# Exercise
Retype the lines below exactly, but only those from the line that has "We use Firefox" through the line that has "Hey guys, welcome". Omit every picture.

[Dataset entries]

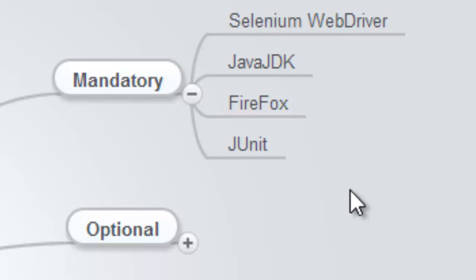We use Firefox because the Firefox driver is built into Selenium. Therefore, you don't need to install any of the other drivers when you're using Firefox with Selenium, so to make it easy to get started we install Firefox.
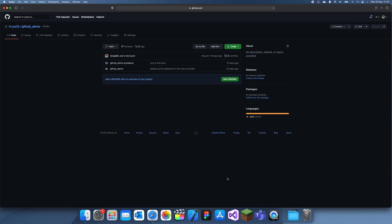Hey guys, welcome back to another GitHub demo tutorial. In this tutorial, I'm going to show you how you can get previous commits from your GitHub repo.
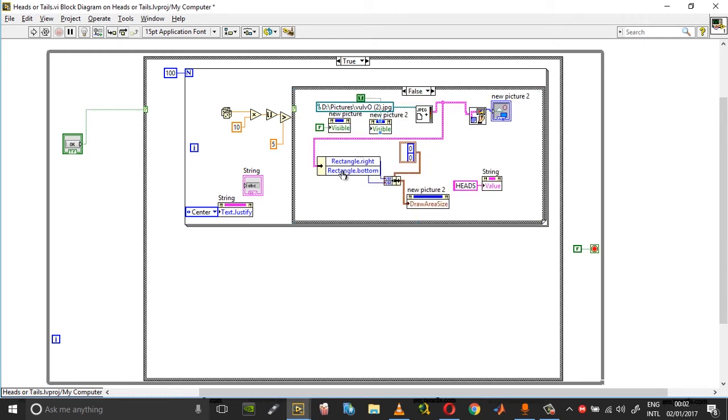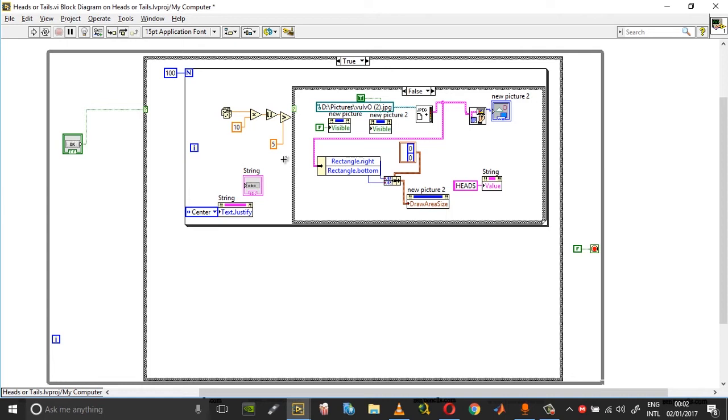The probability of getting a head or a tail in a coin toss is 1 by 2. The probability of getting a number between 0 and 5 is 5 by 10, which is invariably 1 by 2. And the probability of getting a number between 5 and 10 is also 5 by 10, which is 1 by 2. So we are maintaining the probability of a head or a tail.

[/Dataset entries]
[Dataset entries]

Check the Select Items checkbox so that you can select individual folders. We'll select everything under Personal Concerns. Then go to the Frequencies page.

[/Dataset entries]
[Dataset entries]

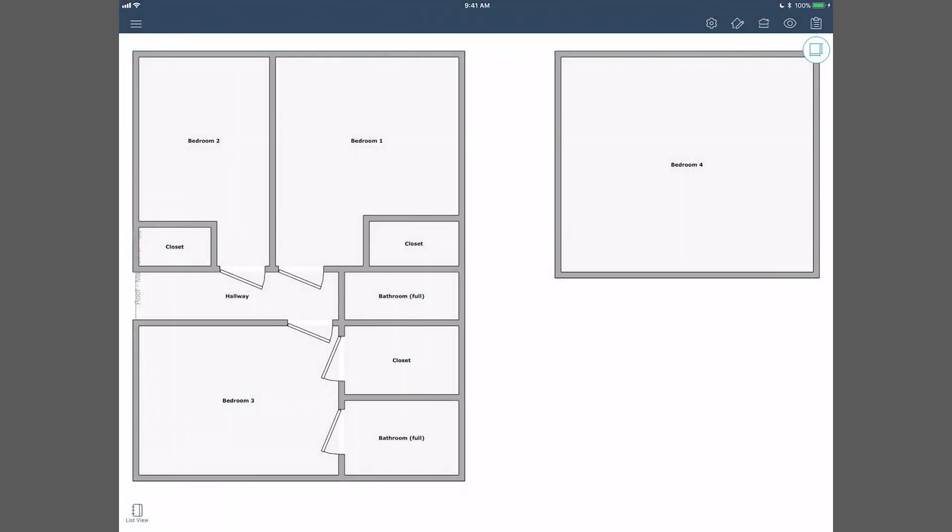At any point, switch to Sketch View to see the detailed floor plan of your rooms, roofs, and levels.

[/Dataset entries]

# Completed exercise
We use Firefox because the Firefox driver is built into Selenium. Therefore, you don't need to install any of the other drivers when you're using Firefox with Selenium, so to make it easy to get started we install Firefox.
Hey guys, welcome back to another GitHub demo tutorial. In this tutorial, I'm going to show you how you can get previous commits from your GitHub repo.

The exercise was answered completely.